PEDBASE.org - The Pediatric Database -
Detailed information of LARYNGOMALACIA
LARYNGOMALACIA
DEFINITION:
A congenital disorder of the larynx characterized by inspiratory
stridor and airway obstruction.
EPIDEMIOLOGY:
- incidence: most common congenital laryngeal abnormality
- age of onset:
- 2 weeks to 2 months (stridor)
- risk factors:
PATHOGENESIS:
- due to a congenital weakness of the aryepiglottic folds and
epiglottis which are sucked into the airway during inspiration
- embryologic origin of defect unknown
- a self-resolving disorder as cartilagenous development will
eventually support the affected structures
- when a similar process involves the:
- trachea - tracheomalacia
- bronchus - congenital lobar emphysema
DIFFERENTIAL DIAGNOSIS:
- malformation of the laryngeal cartilage (vocal cords)

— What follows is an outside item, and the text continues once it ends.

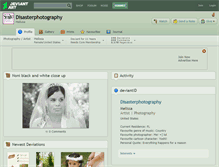 Tablet Screenshot of disasterphotography.deviantart.com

- juvenile larygneal papillomatosis
- severe chondromalacia of larynx and trachea
2. Luminal Obstruction
- laryngeal web
- laryngeal hemangioma
- cysts - mucous retention cysts, brachial cleft cysts
- thyroglossal duct remnants
- lymphangioma
- congenital goiters
- vascular anomalies
3. Others
- Pierre Robin Syndrome
- hypoplasia of the mandible
- macroglossia
CLINICAL FEATURES:
- begins within the first few days of life or up to 2 months
(but not at birth)
- louder on inspiration
- worse with crying, upper respiratory tract infections (URTI),
supine position with neck flexed
- better in prone position with neck hyperextended
- may be accompanied by:
- significant inspiratory retractions
- normal voice -> hoarseness, aphonia, or laryngeal "crow"
- may worsen over the first few months of life before
improving
2. Complications
- respiratory distress with dyspnea
- thoracic deformities (if retractions severe)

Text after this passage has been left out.